Canada v. Frost Lumber Industries

9 So. 2d 338, 1942 La. App. LEXIS 203
CourtLouisiana Court of Appeal
DecidedJune 23, 1942
DocketNo. 6495.
StatusPublished
Cited by10 cases

This text of 9 So. 2d 338 (Canada v. Frost Lumber Industries) is published on Counsel Stack Legal Research, covering Louisiana Court of Appeal primary law. Counsel Stack provides free access to over 12 million legal documents including statutes, case law, regulations, and constitutions.

Bluebook
Canada v. Frost Lumber Industries, 9 So. 2d 338, 1942 La. App. LEXIS 203 (La. Ct. App. 1942).

Opinion

On September 22, 1939, the Eleventh Judicial District Court of Sabine Parish, Louisiana, rendered judgment in case No. 13,457, styled Frost Lumber Industries, Inc., v. Cora Canada et al., decreeing that the defendants had slandered plaintiff's chain of title to the following described property situated in Sabine Parish, Louisiana, to-wit: NE 1/4 of NW 1/4, Section 31, Township 9, North of Range 13 West, containing 40 acres more or less.

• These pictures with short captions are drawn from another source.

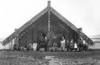 The carved house Ngā Tau e Waru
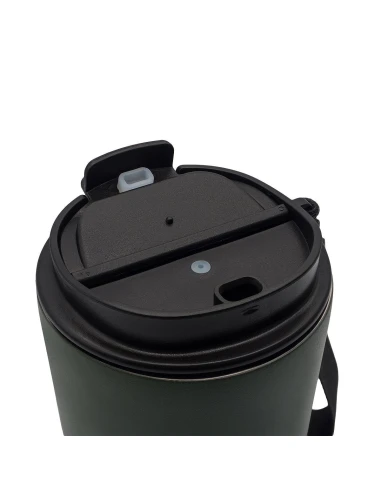 Kubek termiczny Skagen 330 ml, ciemny zielony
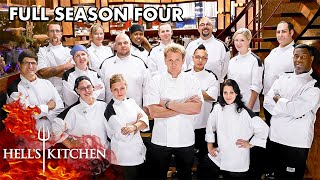 Hell's Kitchen FOUR Ever! Full Season 4 Marathon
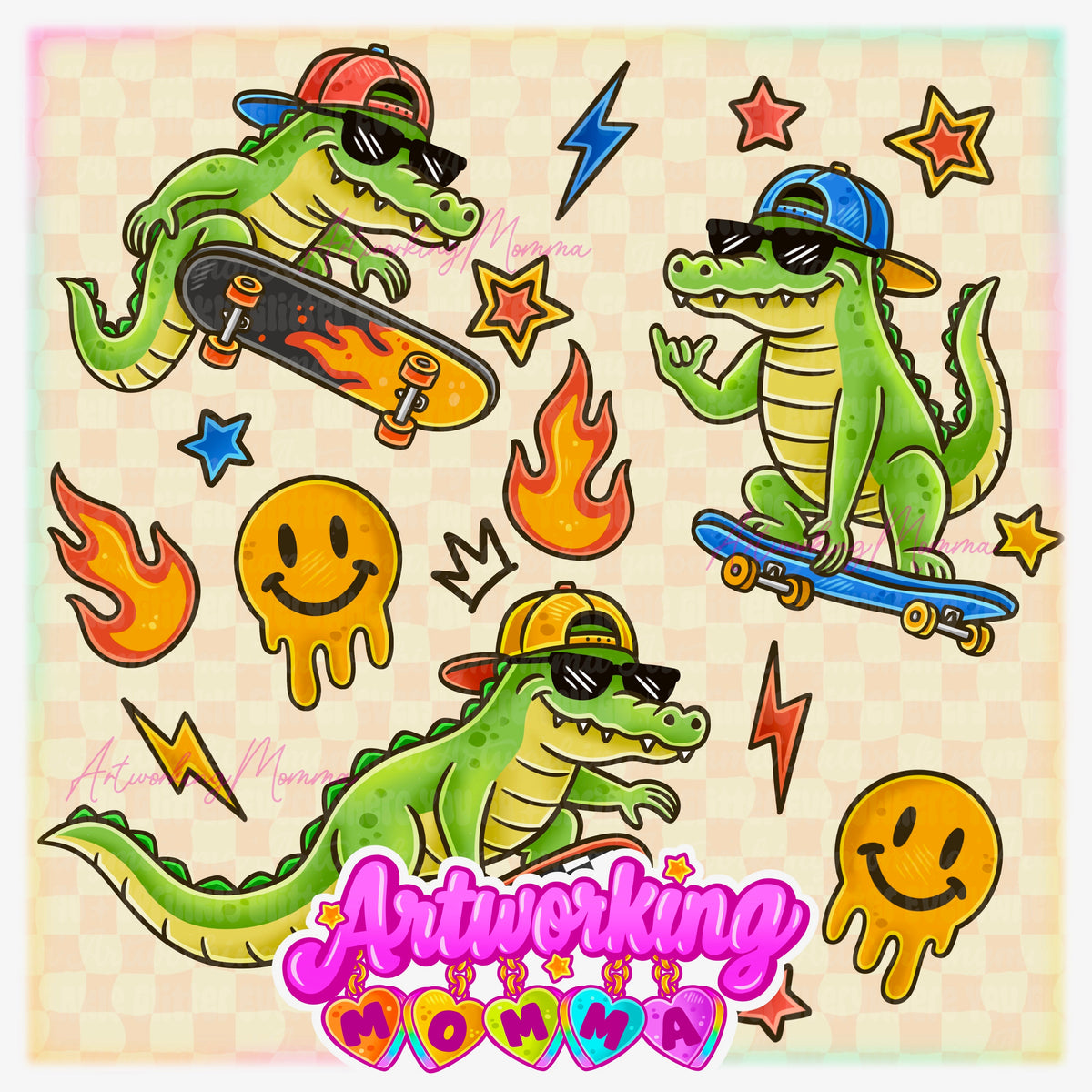 Skater Gators & PNG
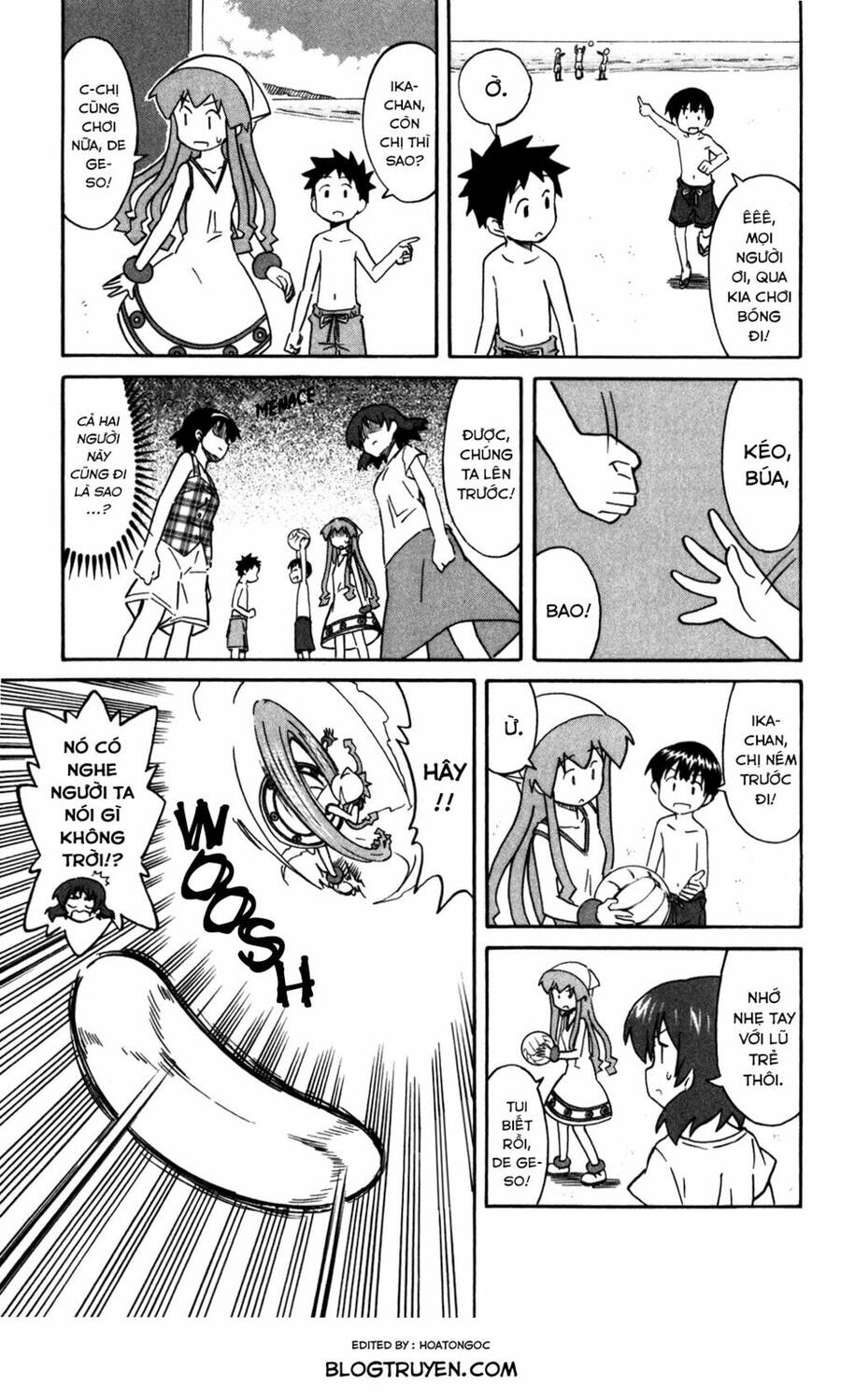 Shinryaku! Ika Musume Chapter 250 - 6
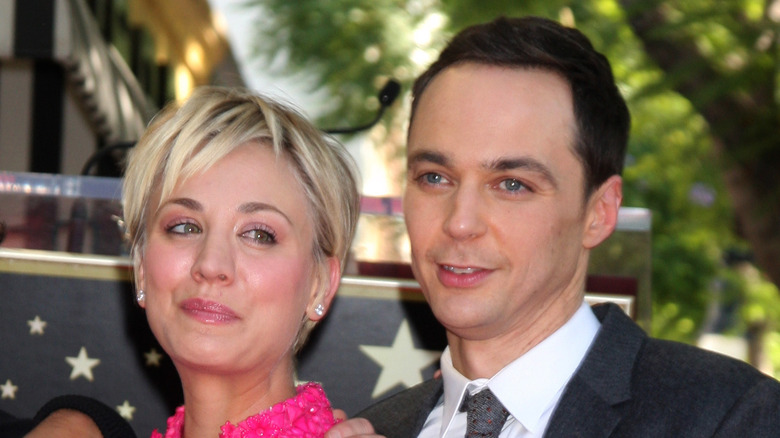 Kaley Cuoco Jim Parsons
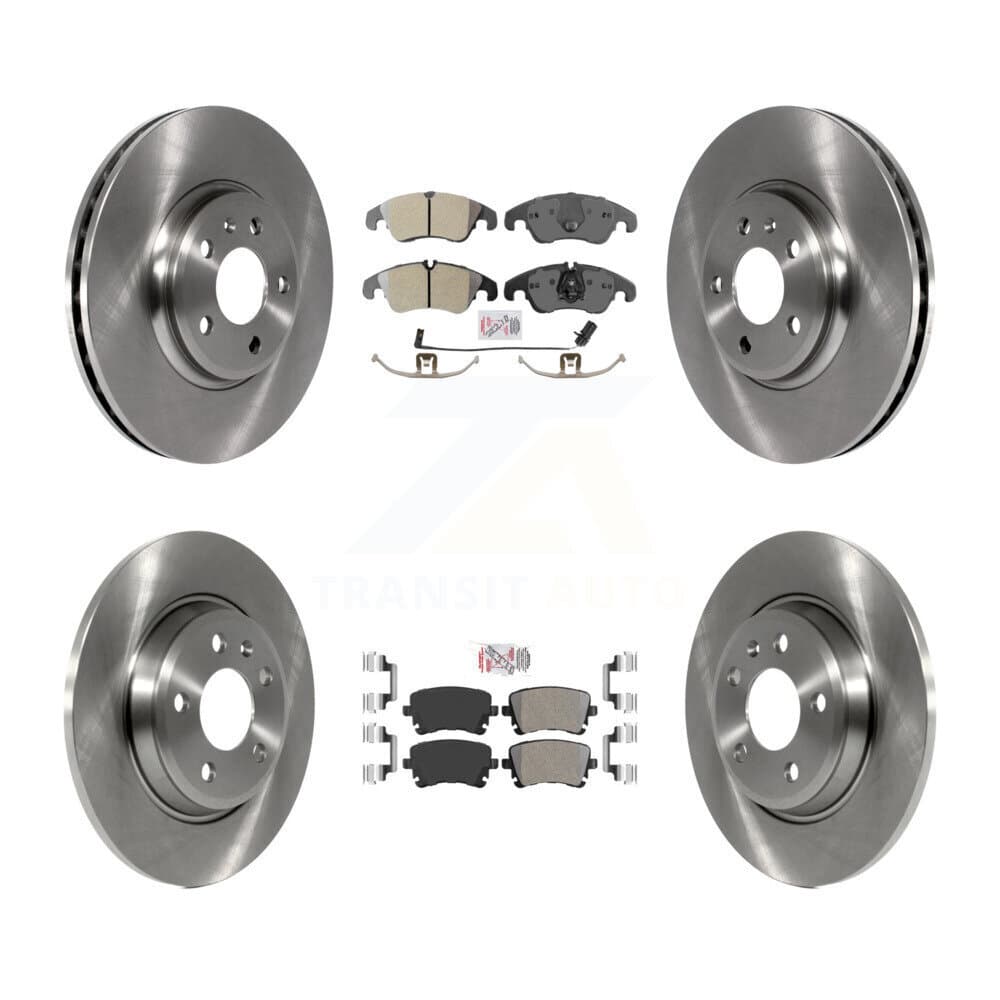 Transit Auto - K8A-101984 - Front and Rear Disc Brake Kits image 1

It further ordered and decreed that the defendants institute a suit against plaintiff in revendication of their rights to the property described in the judgment within sixty days after judgment became final and in default of such suit that defendants be forever barred from setting up any claim, rights or privileges to, on or against the property described therein. Defendants did not perfect an appeal from said judgment.

On November 17, 1939, the defendants in the above styled and numbered suit filed with the Deputy Clerk of Court a petitory action against the plaintiff in the above numbered and styled suit praying that they be recognized as the true and lawful owners of the property as described in the slander of title suit and that they be sent into possession thereof as their respective interests are shown. Citation was not issued in this last case until April 3, 1940, and service made on the defendant herein on April 4, 1940.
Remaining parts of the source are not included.